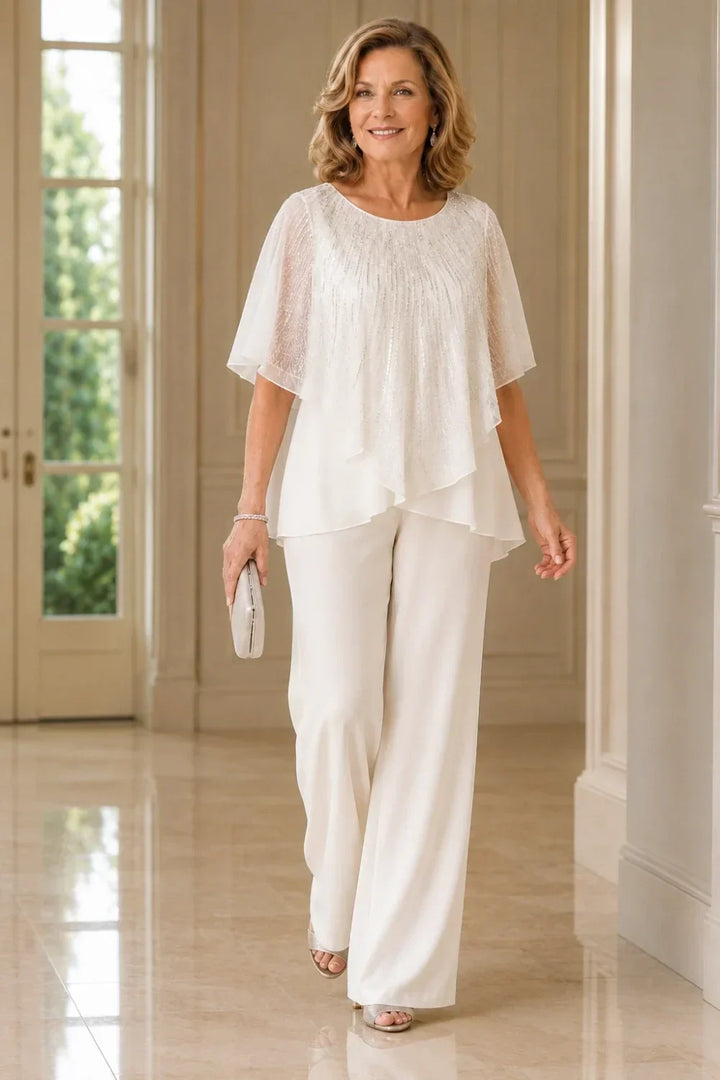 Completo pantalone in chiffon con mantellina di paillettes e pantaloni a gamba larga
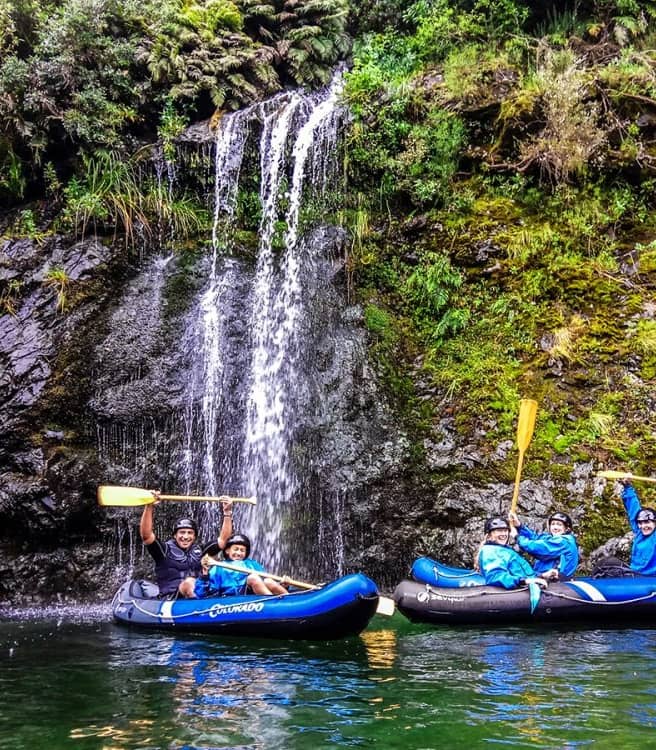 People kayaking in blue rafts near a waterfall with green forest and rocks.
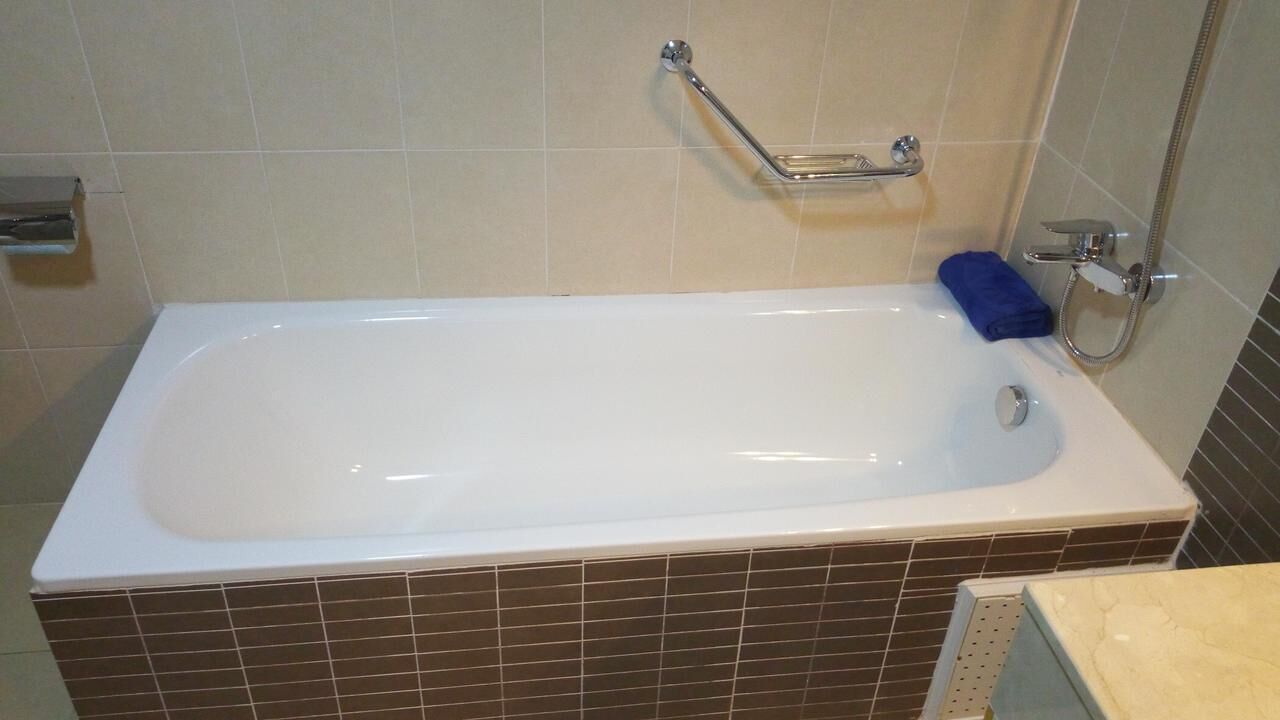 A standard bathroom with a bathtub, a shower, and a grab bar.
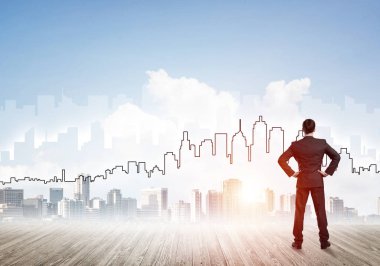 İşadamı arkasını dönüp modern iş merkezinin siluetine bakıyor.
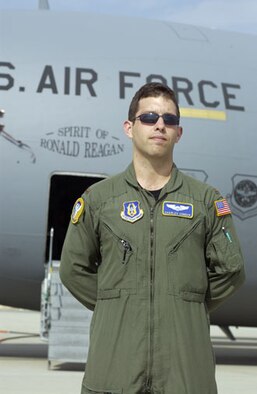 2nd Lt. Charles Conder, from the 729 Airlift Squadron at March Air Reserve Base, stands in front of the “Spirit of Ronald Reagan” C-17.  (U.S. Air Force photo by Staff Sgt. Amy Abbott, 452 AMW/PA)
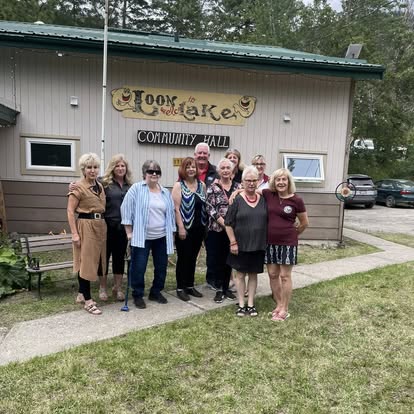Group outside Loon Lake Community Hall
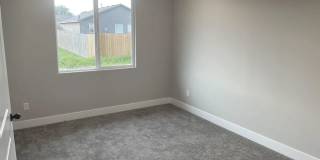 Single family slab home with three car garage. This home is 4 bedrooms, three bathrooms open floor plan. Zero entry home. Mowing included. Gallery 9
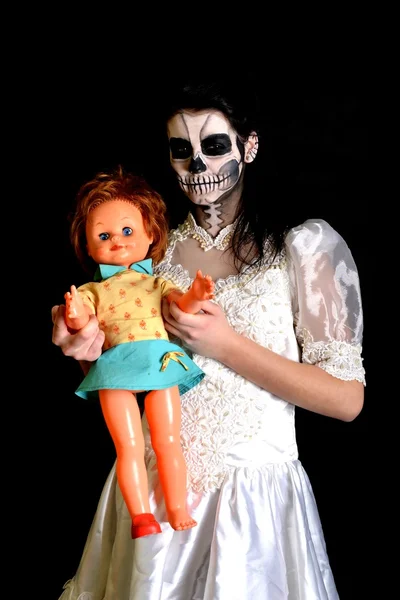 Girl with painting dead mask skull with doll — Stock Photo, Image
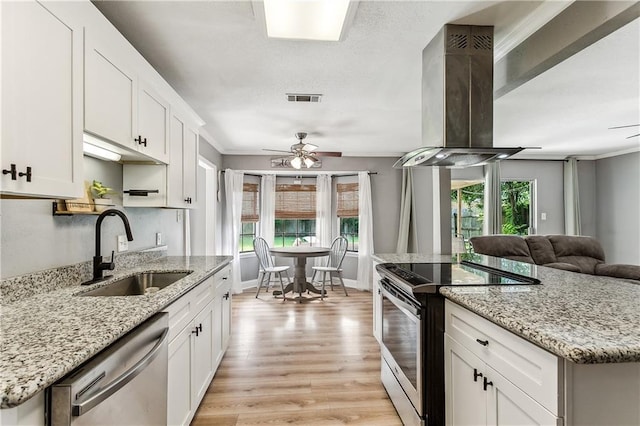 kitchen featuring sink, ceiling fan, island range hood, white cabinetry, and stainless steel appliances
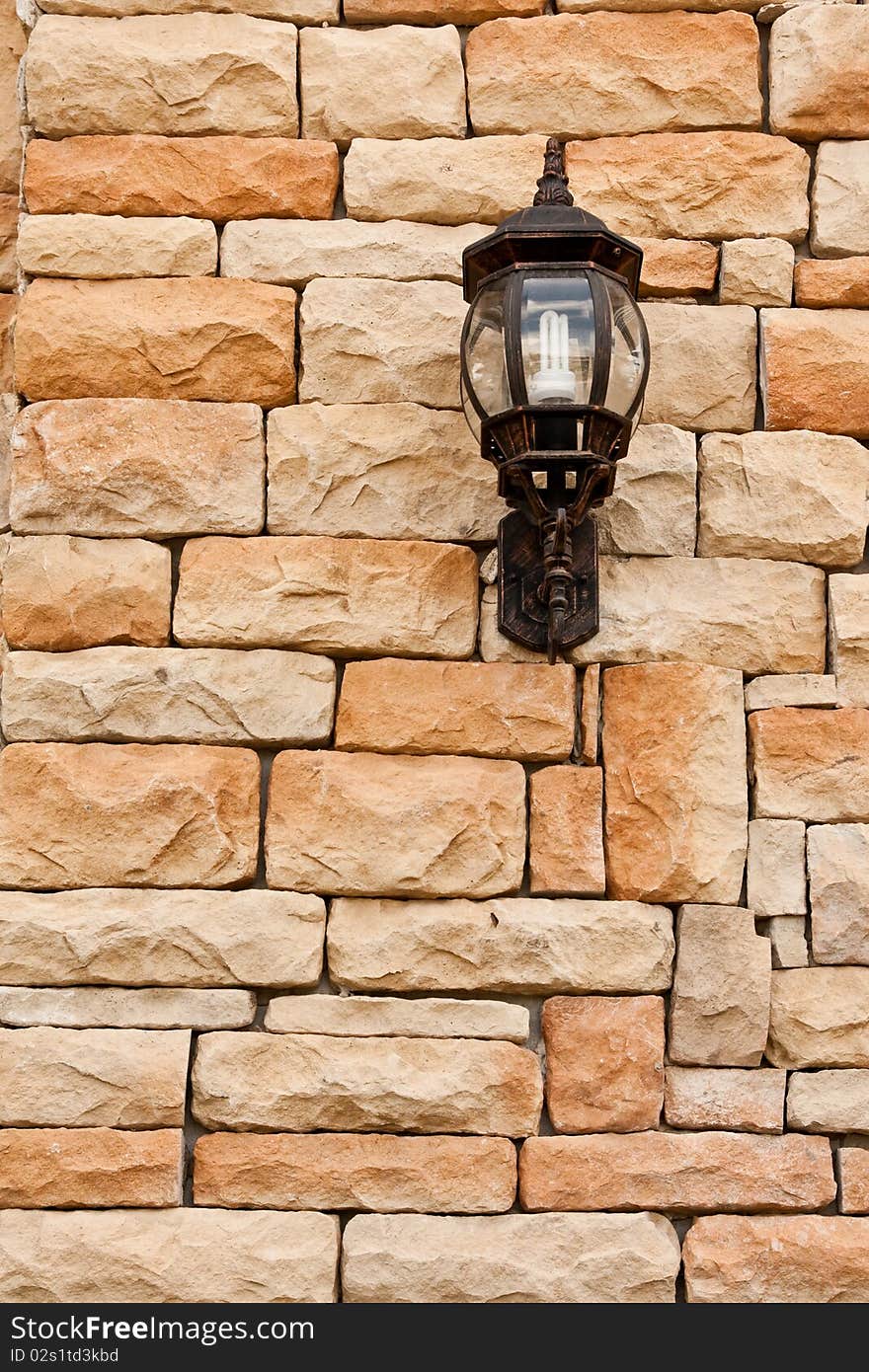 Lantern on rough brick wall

▶ _Problem to work on_
The answer is the lines of the material above, from the one containing "People kayaking in" down to the one containing "İşadamı arkasını dönüp", given exactly and without images.

▶ _Worked solution_
 People kayaking in blue rafts near a waterfall with green forest and rocks.
 A standard bathroom with a bathtub, a shower, and a grab bar.
 İşadamı arkasını dönüp modern iş merkezinin siluetine bakıyor.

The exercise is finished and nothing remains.